- Location of Rahim Yar Khan District (in red) in the province of Punjab
- Location: Rahim Yar Khan, Punjab, Pakistan
- Date: 15 January 2012
- Deaths: 18
- Injured: unknown

= 2012 Rahim Yar Khan bombing =

Terrorist attack

The 2012 Rahim Yar Khan bombing occurred on 15 January 2012, when a remote-controlled bomb exploded during a Shi'a Muslim procession in the city of Rahim Yar Khan in the southern region of Punjab province, Pakistan. Eighteen people were killed and dozens other injured, some critically, as a result of the attack.

==Attack==
The attack was mostly likely a sectarian-motivated. The incident took place when hundreds of Shi'a Muslims were conducting a Chehlum procession to mourn and commemorate the martyrdom of Hussein bin Ali, in the Khanpur tehsil of Rahim Yar Khan district. The bomb had been planted beforehand near an electricity pylon and went off just when mourners approached a gathering square. According to an eyewitness, a loud explosion was heard when the bomb exploded, leaving debris and a cloud of dust. Many people died on the spot from the impact.

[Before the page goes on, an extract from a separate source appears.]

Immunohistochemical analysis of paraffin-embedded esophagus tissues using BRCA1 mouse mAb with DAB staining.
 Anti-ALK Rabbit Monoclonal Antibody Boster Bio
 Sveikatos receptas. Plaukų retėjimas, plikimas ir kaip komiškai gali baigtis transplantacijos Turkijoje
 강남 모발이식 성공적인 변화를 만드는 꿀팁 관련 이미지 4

Angry mourners became violent after the destruction and immediately revolted against police forces stationed near the area, demanding the culprits to be arrested. When the police failed to take control of the situation, paramilitary rangers were called in for support.

Those who were injured were quickly transported to local medical facilities such as the Shaikh Zayed Medical College Hospital. Chief Minister of Punjab Shahbaz Sharif announced a compensation of Rs. 500,000 each for the deceased victims and Rs. 100,000 each for those who were injured.

==Responsibility==
No groups claimed responsibility for the attack. However, there were suspicions centred on the Lashkar-e-Jhangvi which has carried out several sectarian attacks before.

==Reactions==
The bombing was condemned by President Asif Ali Zardari, Prime Minister Yousaf Raza Gillani as well as Punjab Chief Minister Shahbaz Sharif. Ansar Burney strongly condemned the incident and expressed grief over the loss of lives. Leaders of the Shi'a community, including those of Shia ulema council blamed the government for negligence. The Imamia Students Organisation also condemned the blast. Meanwhile, a local police deputy superintendent was suspended. Federal Minister of Interior Rehman Malik called for the formation of a committee to launch an investigation.